Companies in Sweden are developing COVID passes that come under the skin
Just a few months ago, it seemed like we could only see this in movies, but now it’s slowly starting to become a reality.
Dystopian nightmare or a simple convenience? A Swedish company that implants microchips under the skin markets its devices for use as a COVID-19 health card in a country with thousands of early users.
“I think it’s very much a part of my own integrity to have myself chipped and have my personal information there with me, I actually feel that it is even more controlled on my side”, developed Amanda Back, Stockholmer who has implanted it subcutaneous chip. of DSruptive Subdermals, told Agence France-Presse (AFP).
Although it is still rare, several thousand Swedes have chosen to have an electronic implant inserted under the skin in recent years, which eliminates the need to remember key tags, business cards, public transport cards and more recently: vaccine cards.
The country that created the show “Real Humans”, and its English-language adaptation “Humans”, is also a stronghold for so-called biohackers who are convinced that people will become increasingly entangled with technology in the future.

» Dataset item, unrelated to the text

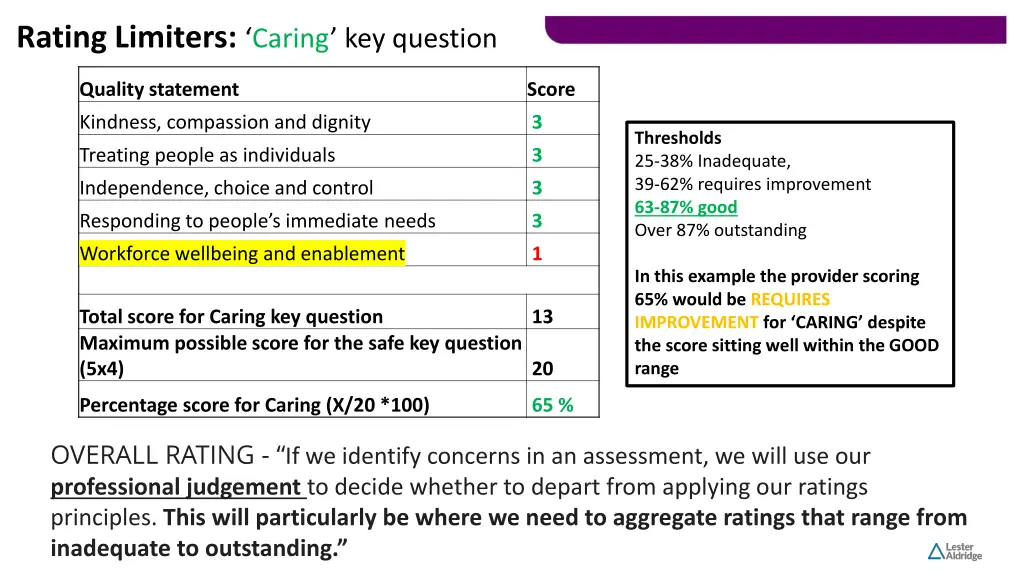 rating limiters caring key question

“I have a chip implant in my arm and I have programmed the chip so that I have my covid-19 passport on the chip and the reason is that I always want it available and when I read my chip I just swipe my phone on the chip and then I lock up and it opens up, says Hannes Sjoblad, CEO of DSruptive Subdermals, when a PDF with his vaccine certificate appeared on his phone.
“A chip implant costs a hundred euros if you want to buy the more advanced versions, and you can compare it with, for example, a health laptop that may cost twice as much but at the same time a chip implant you can use for twenty, thirty, forty years. While a laptop you can only use for three, four years “, he added.
For Sjoblad, the Covid-19 passport is just one example of a possible application, which will be a “thing for the winter of 2021-2022.”
The Swedish entrepreneur added that he has a “strong interest in integrity.”
While acknowledging that many “people see chip implants as a scary technology, as a surveillance technology,” Sjoblad said they should instead be seen as a simple ID tag.
“They have no battery, they can not send the signal themselves, so they basically sleep, they can never tell you where you are, they are only activated when you touch them with your smartphone,” he said.
All implants are voluntary and if someone were to make them mandatory for prisoners or the elderly in nursing homes, “you will find me on the barricades”, said Sjoblad.
“No one can force anyone to get a chip implant.”